Drum roll, the Fuji X100.

With the (actual) launch of this much hyped digital camera looming (the original release date of early March was delayed due to the natural disasters that have occurred in their place of manufacture, Japan), and many members of the press finally getting their hands on the “star” of the 2010 Photokina expo, we will finally get an answer as to whether Fuji’s attempt to capitalize on the recent uptrend in the popularity of the vintage rangefinder system has paid off.

It will feature a 12.3 Megapixel APS-C CMOS sensor, coupled with a fixed 23mm (35mm lens on a full frame camera) Fujinon lens that is relatively fast at F2.0. But, the performance of the lens wide open remains to be seen with Fuji stating optimal performance is only achieved at a more pedestrian F4.0-5.6. It also allows the capture of 720p video at 24p, although, that is its only video recording mode. However, of more interest is this camera’s utilization of a hybrid quasi digital rangefinder (which will probably require some adjusting to in focusing for those not already familiar), and the decision by Fuji to place a leaf shutter, an ND9 filter (-3 stops for bright daylight shooting) and aperture blades directly behind the front element of the lens, with the remaining 6 elements behind this. Fuji stated that this would allow for minimal shutter vibration, noise and, with the design of the lens elements, better flare control.

Officially this will hit Australian shelves with a AU$1299 price tag, which thrusts this beast well and truly out of even premium digital compact cameras, and squarely into several spots of predicament, the most important (and problematic) of which is, considering the other options available at this price point, why purchase a Fuji X100?

For example, those who are after an advanced compact camera for snapshots, both Canon and Nikon duke it out with the recently released Powershot G12 and the P7000, respectively, both of which provide a more than adequate feature set and picture quality at less than half the price, albeit with a smaller sensor.

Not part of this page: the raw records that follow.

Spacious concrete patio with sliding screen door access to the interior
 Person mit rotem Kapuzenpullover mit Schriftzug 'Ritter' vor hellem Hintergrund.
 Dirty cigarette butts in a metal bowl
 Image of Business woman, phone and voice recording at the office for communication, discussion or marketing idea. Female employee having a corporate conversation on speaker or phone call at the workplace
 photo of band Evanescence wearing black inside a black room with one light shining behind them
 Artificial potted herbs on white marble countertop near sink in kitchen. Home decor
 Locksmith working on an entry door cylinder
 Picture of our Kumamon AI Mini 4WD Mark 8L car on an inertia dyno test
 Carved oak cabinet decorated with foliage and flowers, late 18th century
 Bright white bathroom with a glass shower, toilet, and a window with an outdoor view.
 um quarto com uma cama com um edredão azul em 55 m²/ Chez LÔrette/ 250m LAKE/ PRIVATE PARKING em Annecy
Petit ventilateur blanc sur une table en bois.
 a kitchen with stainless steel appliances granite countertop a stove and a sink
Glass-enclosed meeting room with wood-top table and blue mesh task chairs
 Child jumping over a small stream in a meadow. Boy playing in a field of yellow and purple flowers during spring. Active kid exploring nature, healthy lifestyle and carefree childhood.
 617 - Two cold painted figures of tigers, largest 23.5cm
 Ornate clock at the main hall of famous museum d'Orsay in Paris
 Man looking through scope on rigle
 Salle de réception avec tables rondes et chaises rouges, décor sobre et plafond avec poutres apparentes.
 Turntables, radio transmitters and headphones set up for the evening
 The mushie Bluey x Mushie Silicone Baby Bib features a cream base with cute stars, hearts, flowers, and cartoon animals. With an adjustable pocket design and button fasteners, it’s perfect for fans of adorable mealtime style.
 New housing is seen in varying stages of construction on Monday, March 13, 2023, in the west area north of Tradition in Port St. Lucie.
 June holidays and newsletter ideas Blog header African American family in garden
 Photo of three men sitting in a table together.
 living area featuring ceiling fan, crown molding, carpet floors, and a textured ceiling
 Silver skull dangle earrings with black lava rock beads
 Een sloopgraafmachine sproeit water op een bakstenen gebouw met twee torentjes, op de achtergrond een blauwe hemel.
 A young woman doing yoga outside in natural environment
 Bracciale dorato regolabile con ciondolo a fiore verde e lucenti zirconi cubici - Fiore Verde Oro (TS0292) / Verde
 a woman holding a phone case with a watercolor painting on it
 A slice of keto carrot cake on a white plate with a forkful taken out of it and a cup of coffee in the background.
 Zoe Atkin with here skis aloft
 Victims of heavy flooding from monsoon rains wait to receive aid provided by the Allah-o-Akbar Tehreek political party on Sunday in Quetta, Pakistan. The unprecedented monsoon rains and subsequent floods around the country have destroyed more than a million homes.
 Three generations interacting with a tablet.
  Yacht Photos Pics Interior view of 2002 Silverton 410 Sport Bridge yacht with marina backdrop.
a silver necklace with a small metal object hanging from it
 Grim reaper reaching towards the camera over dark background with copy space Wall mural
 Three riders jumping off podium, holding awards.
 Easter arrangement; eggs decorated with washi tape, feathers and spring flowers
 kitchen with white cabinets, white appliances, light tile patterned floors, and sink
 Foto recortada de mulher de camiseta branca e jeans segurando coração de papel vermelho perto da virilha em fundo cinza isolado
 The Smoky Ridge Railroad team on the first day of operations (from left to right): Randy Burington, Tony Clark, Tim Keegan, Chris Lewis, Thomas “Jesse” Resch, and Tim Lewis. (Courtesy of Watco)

For those after either a more advanced camera to wean themselves into digital SLRs, or a light and compact backup camera to augment their main DSLR (such as myself), or even just for more control and better snaps, for similar money, they have access to the rapidly proliferating interchangeable lens camera systems e.g. the Olympus Pen series, the Panasonic G series or Sony NEXs (which harbor s similar sensor in terms of size and performance). These have minimized the issue of noise and vibration with the removal of the mirror found in full sized DSLRs, and have the added bonus of allowing photographers to swap between lenses (and not only from the proprietary manufacturer, but the advent of these cameras have allowed owners of “orphaned” lenses (such as AR, FD and MD lens systems) to brush off the dust and put them back into service).

While the diversification of the market for digital cameras is a welcome trend, has Fuji gone a bit too far and created an entirely new niche of its own? Whatever happens, I for one am looking forward to experiencing the hybrid viewfinder and, its unique and, hopefully, whisper quiet shutter.